I passaggi per arrivarci – nell’analisi degli autori – vengono individuati appunto nella rete delle autonomie già esistenti (però ridefinite e riqualificate mettendo al centro i territori e non più motivi etnici e linguistici) e nella costituzione di “province speciali alpine” (Verbania, Sondrio, Belluno). Passaggi, sostengono Morandini e Reolon, già possibili subito, attraverso l’attribuzione di competenze e di forme di autogoverno da parte delle rispettive Regioni. Le radici culturali nelle quali affonda questa proposta sono solide: da Luigi Zanzi (“Le Alpi nella storia d’Europa” che propone un approccio eco-storico) a Werner Batzing (“Le Alpi”, che spazia dalla storia all’ambiente, dall’economia al cambiamento climatico), ad Annibale Salsa (“Il tramonto delle identità tradizionali” che spiega lo “spaesamento e il disagio esistenziale” delle popolazioni delle Alpi anche da un punto di vista antropologico).
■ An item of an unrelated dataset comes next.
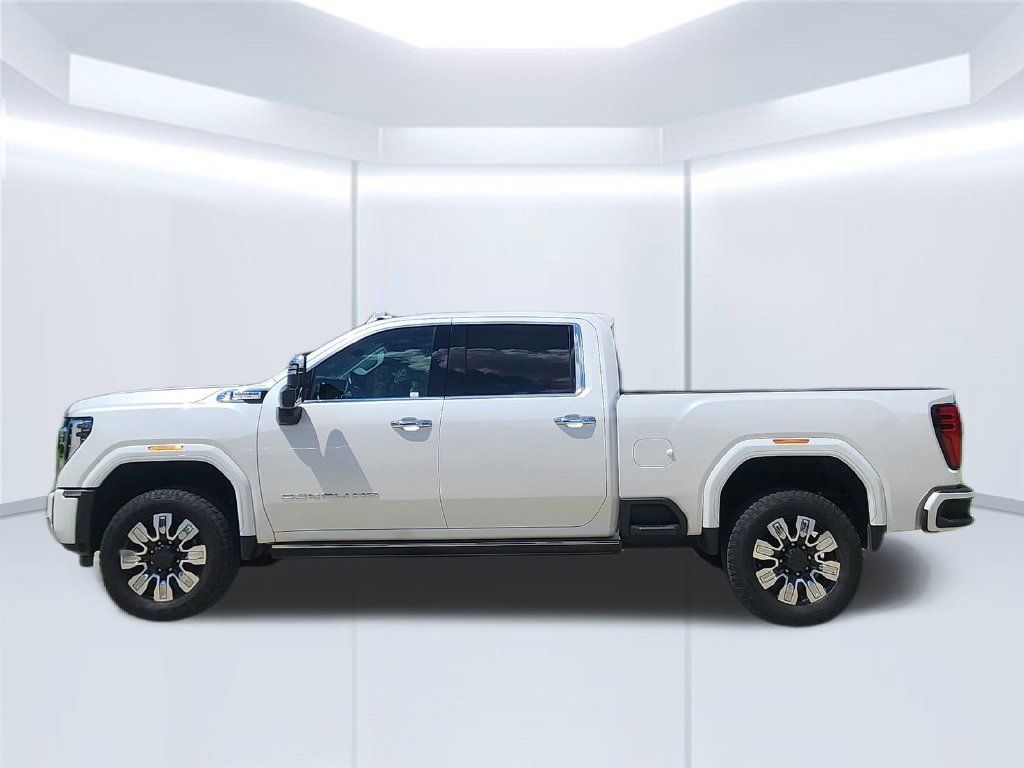 Used 2025 GMC Sierra 3500 Denali w/ Denali Reserve Package AWD/4WD image 8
Questo è dunque il cammino indicato da Morandini e Reolon: da un lato aggiornare e reinterpretare il dibattito facendo il punto su queste elaborazioni culturali, dall’altro andare oltre indicando un percorso concreto, anche istituzionale. “La modernità – è stato detto – ha segnato la più grave frattura tra uomo e territorio, è tempo di riconciliazione e le Province speciali montane sono la nostra proposta. L’esempio delle Dolomiti-Unesco ci dice che collaborare si può e si deve. C’è il rischio che la montagna sia vista in ottica di pura salvaguardia. No, non si tratta di aree svantaggiate, bensì di aree diverse. Dobbiamo recuperare il senso e l’orgoglio dell’appartenza alla comunità alpina. Anche perché nei giorni della tragedia ambientale del Golfo del Messico che decreta la fine dell’era del petrolio, si va verso una situazione che può rivelarsi favorevole ai territori montani stessi“.